I grew up in the housing industry as the son of a homebuilder. Not to date myself, but I wrote what was probably one of the first cost accounting spreadsheets on the nascent PC of the day using VisiCalc. The spreadsheet took into account all costs associated with building a starter single family home, including land acquisition, financing, municipal fees, material, and labor costs, I.e. everything one one need to run a successful business as a home builder. I know this industry intimately.

Yes, Stoller is correct it’s harder to be a small (i.e. 10-20 homes per year) home builder than it was 40 years ago. But it’s not due to some conspiracy. It’s because the local zoning has become much more arcane and the red tape so Byzantine that the little guys have been effectively pushed out. For instance, you need a full time staff person to negotiate with your local ZBA (Zoning Board Association) to get permission to get something built. Beyond the direct costs, the delays and uncertainties are killer as they eat into your profits. (The gross margin is slim, somewhere between 10-20% on a home for a small time builder. I know - I wrote the damn spreadsheet that calculated it.) As a consequence of all these regulations, only the big builders can afford to absorb and amortize these costs over tens to hundreds of homes. Of course, this also means the big guys still need a fatter profit to to deal with zoning hurdles, long time frames, uncertainties, and what have you, thus margins need to be higher on average even for them. This is what is going on. Not some monopolistic conspiracy.

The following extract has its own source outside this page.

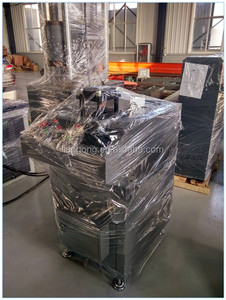 Machine d'essai par aspiration Erichsen GBC-60W, machine d'essai par aspiration profonde pour l'acier - Product Image 6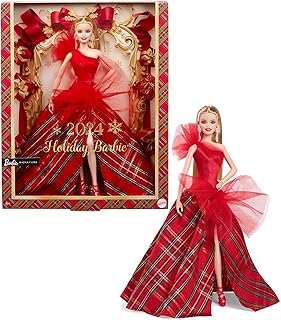 Best barbie holidays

I looked Stoller up. Here’s the Wiki:

https://en.wikipedia.org/wiki/Matt_Stoller

His gig is railing against monopolies. The housing industry is just another nail for his one-size fits all monopolistic hammer explanations.

The real culprit here actually is a cartel ironically. But this cartel is made up of homeowners who flex their power through local zoning codes that make it near impossible to build new homes, especially apartments.

TLDR: In other words, the YIMBYs are right: the problem is zoning restrictions on new supply. Reform zoning and small time home builders will be back with a gusto.

1 comments

Right after the war my grandfather and his brothers built probably 8 homes as a little business before finding other work. They did it all themselves. The plans, the building, wiring, plumbing, everything.

Part of the issue is that the big guys have pushed out players like this. But another part of the issue is the onerous code process in place today. Could you even get a few guys together to build a home without having a certified electrician or engineer? And even if you could, does the present generation of able bodied workers even have the knowhow as my grandparents generation? The guy would spend all the time I waste on TV or the internet working out projects and plans until the day he passed practically. Seems present generations are a bit distracted by the digital world to pick up so many useful analog skills.